To be clear, if you include decimals from 12-15, I believe it is impossible. However, if you just mean integers, I'd have to think about it

Had I not mentioned the any length greater part, you could say 12 but then 16 would not be possible and 16 is greater than 12.

ease up on the accusations

48 is correct per verification.

I have yet to discover a nice, neat formula. In an algebraic work-up 12(t+1)=15*(t) yields t=4 which you could without a deep understand multiply by 12 but I really think number theory has to be invoked for the general case and I might embark on that route.

Here is an approach shy of rigorous math in finding a solution to a more generalized problem of this nature. Looking at 12 and 15 as the sought lengths:

y/N=[12,15] where y =length of log, N=number of pieces cut into

With N=1, 12≤y≤15

With N=2, 24≤y≤30

With N=3, 36≤y≤45

With N=4, 48≤y≤60

With N=5, 60≤y≤75

With N=6, 72≤y≤90

And so once y gets up to 48, any length above this can be divided up by an integral quantity to yield a number between 12 and 15. There are no more gaps in the range for y at this point relative to the integral divisors.

Try 47: 12,12,12 and left with 11
With 15's, the max, 15,12,12, and left with 9

15,15,12, and left with 6

15,15,15, and left with 3

With 48, obviously 4*12 with zero waste

With 49 you can divide by 4 and have a length of cut just over 12 and definitely less than 15, no waste

24 to 30 inches

48 is the ultimate minimum. Trying for example:

47.7, you see after three cuts of the min length of 12 you have a remainder of 11.7...pretty close to 12 but not quite.

OK but the question asks for the minimum length so that any length greater would also be a solution.
here, 31 would not work.

Let's play around with some small numbers to get a feel for what's going on.
if we were working with the numbers 2 and 3 instead of 12 and 15, you could see 4 would be the minimum length. 3.5, 3.6, 3.7 wouldn't divide up well enough. 4.5 = 2*2.75, fine. 5=2*2.5=fine. 5.5=2.75*3=fine, 6 obviously fine. 6.3=3*2.1, fine.

You can see, the LCM is involved but tempered with a number just lower than it OR it is some multiple of the lower number.
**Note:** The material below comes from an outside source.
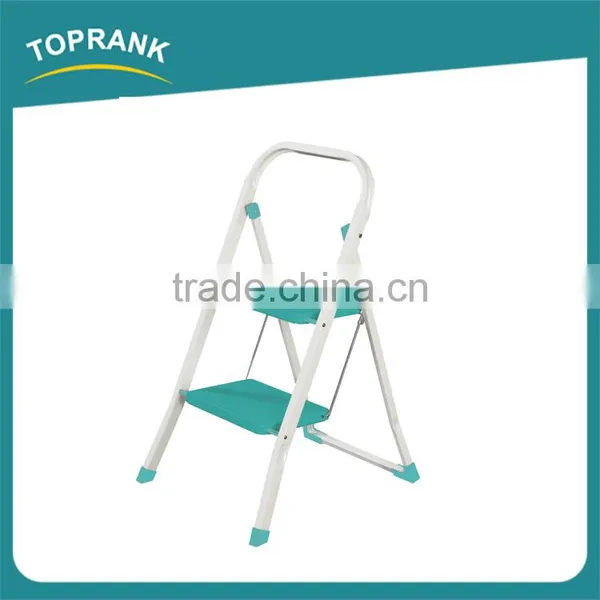 Household 2 Steps Folding Iron Ladder With Powder Coated photo-3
Try for more different pairings and you could discover more.

And so as long as you cut logs to a length of 48" or greater, as if you are working down a big tree, conserving cuts to get the major work done and not trying to deal with the minutia at the same time, you'd be assured you could later process the logs to obtain the desired length.

...............

with 47.7 speak of your two cuts.

r8j, putting so much effort into trying to find fault doesn't help in solving the problem.

now tell me, since I mentioned 47.7 go and explain away the cuts.......

you really persist. two cuts is immaterial.  the cuts per the minimum length would depend greatly on the LCM/max(x,y) where x and y are the lengths desired for final processing (or something around/near this).

please give it up.

well well well....

OK, I discovered the formula. I'll post it here after I present elsewhere. It's rather interesting, partially simple, partially complicated. Requires use of ceiling(x) which is identical to round(x+1/2).

Of all places, why do you post on a chess.com forum?